LONDON (Reuters) – A rotation by sovereign wealth funds and other institutional investors to add risk since the COVID-19 pandemic, moving from cash and bonds to stocks, may have further to run as many still have large cash positions, according to research published Thursday.
Investors had a more positive outlook for 2021, having reached a risk-neutral level across asset classes after starting last year with the highest cash levels since the 2009 financial crisis, the research from State Street Corporation (NYSE:STT) and the International Forum of Sovereign Wealth Funds (IFSWF) found.
Many are also adding to their exposure within private markets, with a particular focus on infrastructure and real estate, hastened by low real returns in public markets, according to the findings, based on State Street data and an IFSWF survey of seven of its largest sovereign fund members.
For example, sovereign fund investments in private markets more than doubled during 2020 to $50.3 billion, IFSWF data showed, in part due to funds helping out their portfolio companies hit by the pandemic.
“The current macroeconomic environment, anticipated fiscal stimulus and portfolio positioning of institutional investors and sovereign wealth funds present reasons to be optimistic as we move further into 2021,” said Neill Clark, head of State Street Associates, Europe, Middle East and Africa at State Street.
There was a marked uptick in interest in U.S. equities in 2020, with IFSWF data showing over $16 billion invested across 46 deals in 2020, up from $2 billion across 28 deals in 2019.
The rise was largely due to Saudi Arabia’s Public Investment Fund’s countercyclical investments in energy, consumer and financial sectors at the peak of the crisis in the second quarter.

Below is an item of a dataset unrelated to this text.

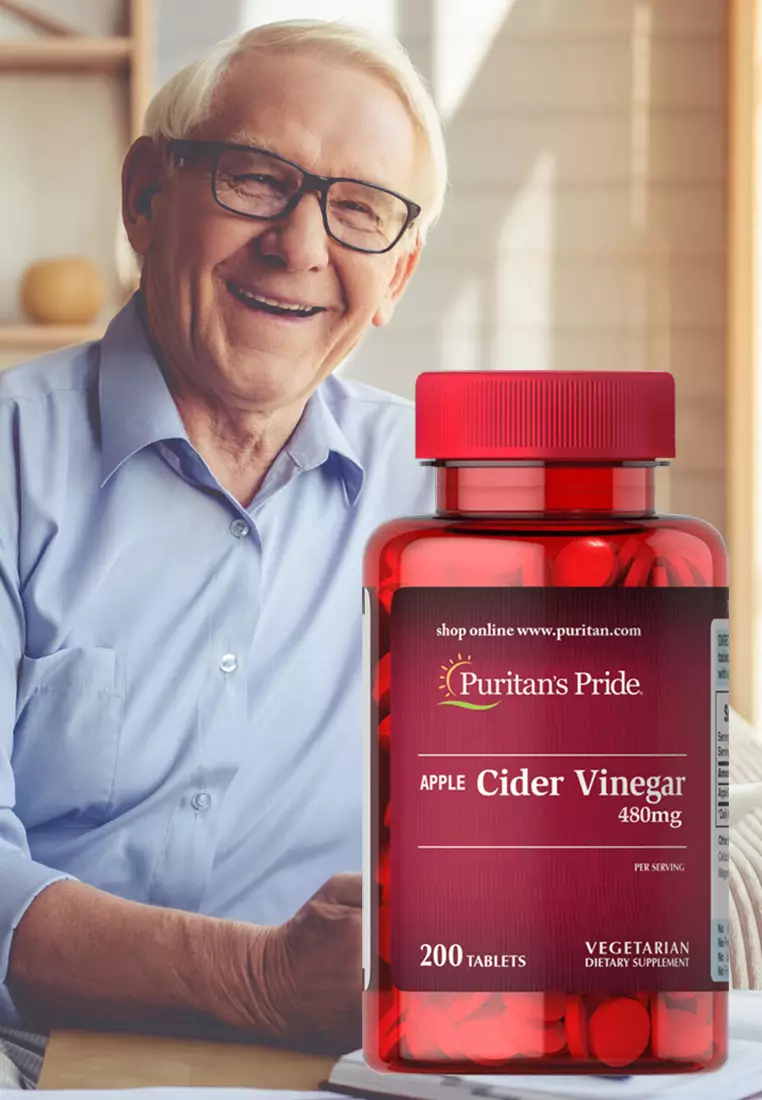 Buy Puritan's Pride Philippines Apple Cider Vinegar 480 mg 200 tablets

Institutional investors also scaled back investments in emerging markets and withdrew from investments in Britain during 2020, according to the research.
Still, IFSWF data indicated an uptick in sovereign fund investments in the country to $4.4 billion in 2020 compared with $1 billion in 2019, almost two-thirds in private markets, as funds eyed deals in the battered economy.

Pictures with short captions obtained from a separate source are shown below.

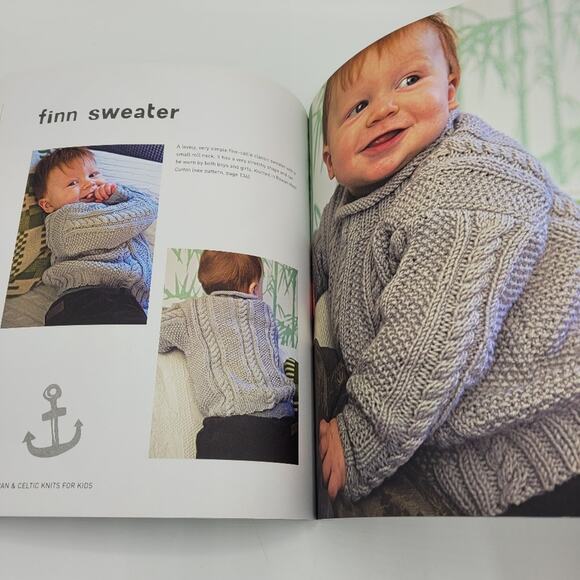 Little Aran & Celtic Knits for Kids Softcover Book - Picture 14 of 16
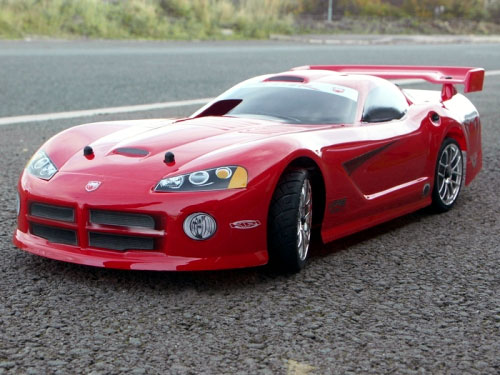 Dodge Viper GTS-R 2003 Painted Body Red 200mm (HPI-7727) (нажмите для увеличения) Dodge Viper GTS-R 2003 Painted Body Red 200mm (HPI-7727) (нажмите для увеличения)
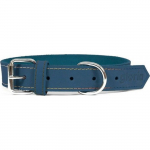Collier - GLORIA - Nubuck - Bleu - Ajustable - Anneau en D sinine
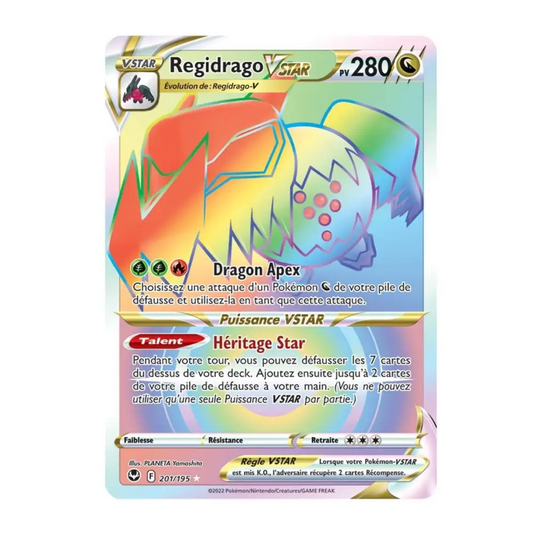 Ultra - Pokemon - Tempête Argentée - Regidrago VSTAR 201/195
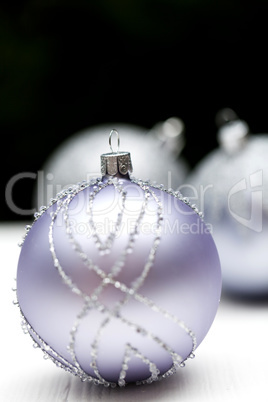 Glittery Christmas ornament ball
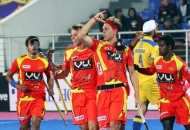 RR celebrates-after-scoring-a-goal-against-JPW-at-mohali
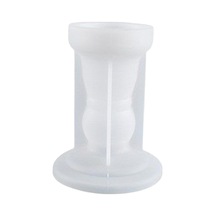 Suntek Sütun Mumluk 11.2cmx8.4cmx8.4cm Için Silikon Mumluk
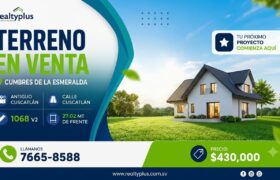 Terreno en venta Antiguo Cuscatlán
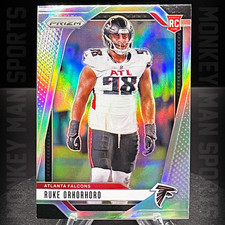 2024 Prizm - Ruke Orhorhoro Rookie RC - #386 TRUE SILVER PRIZM FALCONS MINT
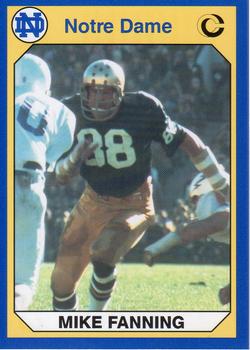 #33 Mike Fanning - Notre Dame Fighting Irish - 1990 Collegiate Collection Notre Dame Football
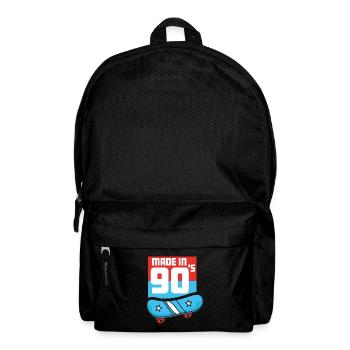 Made in 90s 90er Kind neunziger oldschool retro - Rucksack - Schwarz - Vorne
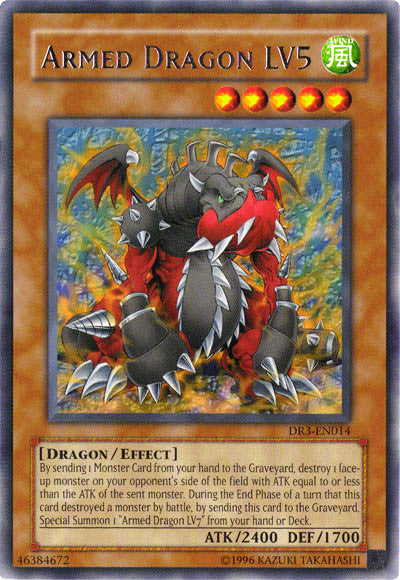 Armed Dragon LV5 [DR3-EN014] Rare | Pegasus Games WI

With assets such as global stocks and bitcoin near record highs, talk of bubbles in certain sectors has increased this year.
Yet State Street said it did not see evidence of bubble behaviour and sovereign funds surveyed in the report were generally not worried either.
One IFSWF member surveyed did express concern about the number of special purpose acquisition company (SPAC) initial public offerings, the number of tech firms trading at more than 20 times revenues and multiples that private equity firms are paying for deals.